### EXERCISE
Each line from the one containing "The Grand Mafia" to the end of the listing below should be repeated exactly, with no other line included.

Top of SOURCE MATERIAL

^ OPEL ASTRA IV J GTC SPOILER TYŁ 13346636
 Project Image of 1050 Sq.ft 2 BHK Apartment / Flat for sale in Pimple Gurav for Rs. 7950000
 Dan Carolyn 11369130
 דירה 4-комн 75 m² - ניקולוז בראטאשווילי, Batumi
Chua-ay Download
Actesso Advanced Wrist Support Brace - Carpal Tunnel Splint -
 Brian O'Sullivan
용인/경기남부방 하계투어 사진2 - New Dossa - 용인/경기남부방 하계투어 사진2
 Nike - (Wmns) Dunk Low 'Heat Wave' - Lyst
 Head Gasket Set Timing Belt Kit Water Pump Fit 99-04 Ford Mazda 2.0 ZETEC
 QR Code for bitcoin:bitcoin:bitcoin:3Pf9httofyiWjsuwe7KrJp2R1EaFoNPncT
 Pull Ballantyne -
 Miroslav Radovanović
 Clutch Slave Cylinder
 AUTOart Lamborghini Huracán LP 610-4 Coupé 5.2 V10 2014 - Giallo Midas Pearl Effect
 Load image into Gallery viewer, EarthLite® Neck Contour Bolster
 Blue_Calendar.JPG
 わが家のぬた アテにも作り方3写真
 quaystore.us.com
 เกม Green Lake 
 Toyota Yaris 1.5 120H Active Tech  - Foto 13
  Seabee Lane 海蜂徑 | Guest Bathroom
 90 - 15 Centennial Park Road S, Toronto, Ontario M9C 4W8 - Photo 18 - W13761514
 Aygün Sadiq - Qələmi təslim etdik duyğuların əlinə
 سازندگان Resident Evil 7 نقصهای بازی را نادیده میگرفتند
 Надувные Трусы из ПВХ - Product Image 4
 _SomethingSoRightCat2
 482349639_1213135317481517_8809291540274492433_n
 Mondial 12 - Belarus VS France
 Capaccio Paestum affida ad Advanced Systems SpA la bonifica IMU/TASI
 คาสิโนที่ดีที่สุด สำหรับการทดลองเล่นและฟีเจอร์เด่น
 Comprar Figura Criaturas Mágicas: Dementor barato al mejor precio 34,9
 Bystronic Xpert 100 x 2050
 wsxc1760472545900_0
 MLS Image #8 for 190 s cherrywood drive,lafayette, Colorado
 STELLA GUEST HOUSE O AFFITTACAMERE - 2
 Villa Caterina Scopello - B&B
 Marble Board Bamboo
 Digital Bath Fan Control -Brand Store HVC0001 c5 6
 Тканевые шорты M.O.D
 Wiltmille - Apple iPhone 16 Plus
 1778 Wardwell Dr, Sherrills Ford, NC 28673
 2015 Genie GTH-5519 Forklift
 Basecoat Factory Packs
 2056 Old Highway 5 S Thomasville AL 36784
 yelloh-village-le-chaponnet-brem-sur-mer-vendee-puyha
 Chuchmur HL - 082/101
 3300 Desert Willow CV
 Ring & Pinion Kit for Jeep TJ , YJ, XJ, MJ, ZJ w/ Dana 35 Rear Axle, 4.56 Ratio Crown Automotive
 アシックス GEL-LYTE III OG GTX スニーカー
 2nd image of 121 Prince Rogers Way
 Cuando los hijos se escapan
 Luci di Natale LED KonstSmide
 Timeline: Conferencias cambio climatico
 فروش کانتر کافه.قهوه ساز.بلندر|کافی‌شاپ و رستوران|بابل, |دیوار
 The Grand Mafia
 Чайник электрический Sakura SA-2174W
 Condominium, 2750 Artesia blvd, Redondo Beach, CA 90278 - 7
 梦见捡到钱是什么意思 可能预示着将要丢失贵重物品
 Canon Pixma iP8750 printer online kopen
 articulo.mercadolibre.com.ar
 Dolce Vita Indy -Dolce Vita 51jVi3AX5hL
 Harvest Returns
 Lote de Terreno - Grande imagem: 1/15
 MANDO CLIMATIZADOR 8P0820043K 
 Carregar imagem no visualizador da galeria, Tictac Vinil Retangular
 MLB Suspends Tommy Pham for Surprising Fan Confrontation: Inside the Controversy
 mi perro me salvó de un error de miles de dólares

Bottom of SOURCE MATERIAL

### RESPONSE BELOW
 The Grand Mafia
 Чайник электрический Sakura SA-2174W
 Condominium, 2750 Artesia blvd, Redondo Beach, CA 90278 - 7
 梦见捡到钱是什么意思 可能预示着将要丢失贵重物品
 Canon Pixma iP8750 printer online kopen
 articulo.mercadolibre.com.ar
 Dolce Vita Indy -Dolce Vita 51jVi3AX5hL
 Harvest Returns
 Lote de Terreno - Grande imagem: 1/15
 MANDO CLIMATIZADOR 8P0820043K 
 Carregar imagem no visualizador da galeria, Tictac Vinil Retangular
 MLB Suspends Tommy Pham for Surprising Fan Confrontation: Inside the Controversy
 mi perro me salvó de un error de miles de dólares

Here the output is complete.